İşte yine böyle bir Perşembe mesaisinde Egemen’den beklenen soru geldi: ‘’Yeşil Bursa Rallisi’ne gidelim mi?’’. Sanki o an aklımdan geçenleri okumuş gibi sorduğu bu soruya cevap bile vermeden yeni bir soruyla karşılık verdim: ‘’neyle gidiyoruz?’’. Gün içinde teslim edilmesini beklediğimiz yeni Nissan X-Trail ise bu sorunun şanslı cevabı oldu. Takip eden bir kaç saat içinde ise kendimizi çoktan planları yapmış, detayları konuşurken bulduk.
Estetik operasyondan yeni çıkan X-Trail, ekipte küçük çaplı bir bayram havası yaratmadı değil. X-Trail’in bagajının genişliğini hatırlattıktan sonra ekipmanların fazlalığından yakınan Fatih gitti yerine bir anda ‘’şunu da alalım lazım olur’’ diyen Fatih geldi.
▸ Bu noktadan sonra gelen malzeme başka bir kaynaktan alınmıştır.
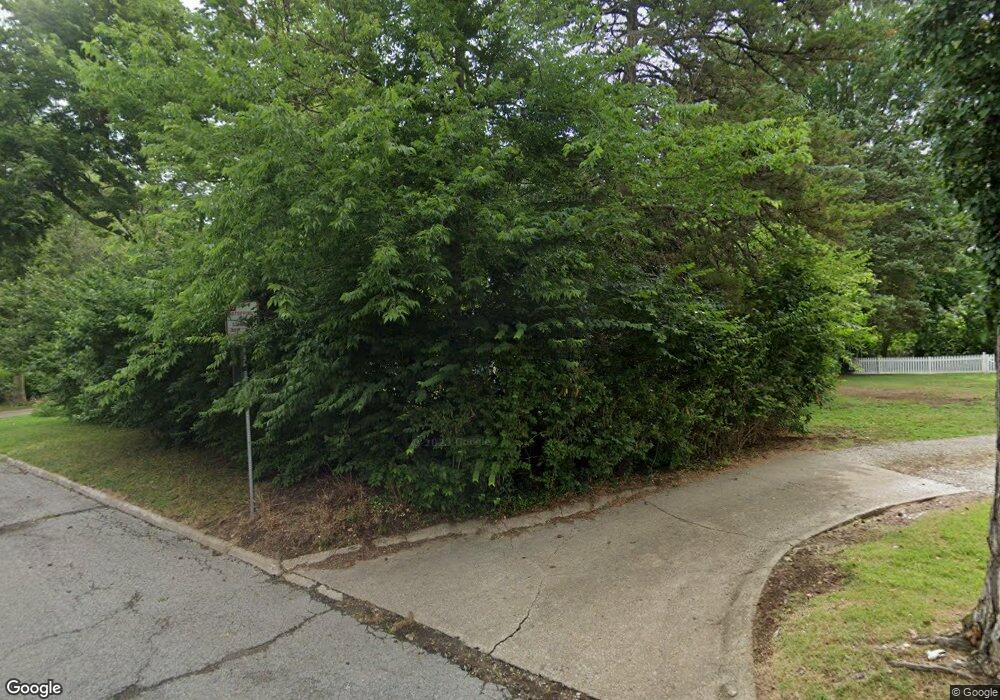 1716 SW Arnold Ave, Topeka, KS 66604 - photo 1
Yola erken saatlerde çıkmanın en çok mutsuz ettiği isim Ozan ise arka koltukla ilgili uyku planlarını çoktan tamamlamıştı. Yalan yok; diğer test otomobili alternatifimiz olan ticari aracın direksiyonunda olmaktansa X-Trail’in direksiyonunda olmayı tercih ederdim ki ettim de.
Cumartesi sabahının ilk ışıklarıyla fotoğrafçılarımız Savaş Yılmaz ve Ateş Kantürk’ü de alarak yola çıktık. Şunu belirtmeden geçemeyeceğim; Egemen ve ben Bursa planına dahil olmasaydık, Savaş Yılmaz’ın 1998 model Jeep Cherokee’si muhtemelen Yeşil Bursa Rallisi’nin taş ve toprak etaplarını arşınlayacaktı. Off-road meraklısı Savaş Yılmaz için Cherokee’sinin eksikliği başta üzücü olsa da Nissan X-Trail ile geçirdiği ilk 5 dakikanın ardından ön yargıları yıkıldı. Öyle ki Pazar günü yaptığımız dönüş yolculuğunda Savaş Yılmaz’ı X-Trail’den ayırmakta güçlük çektik.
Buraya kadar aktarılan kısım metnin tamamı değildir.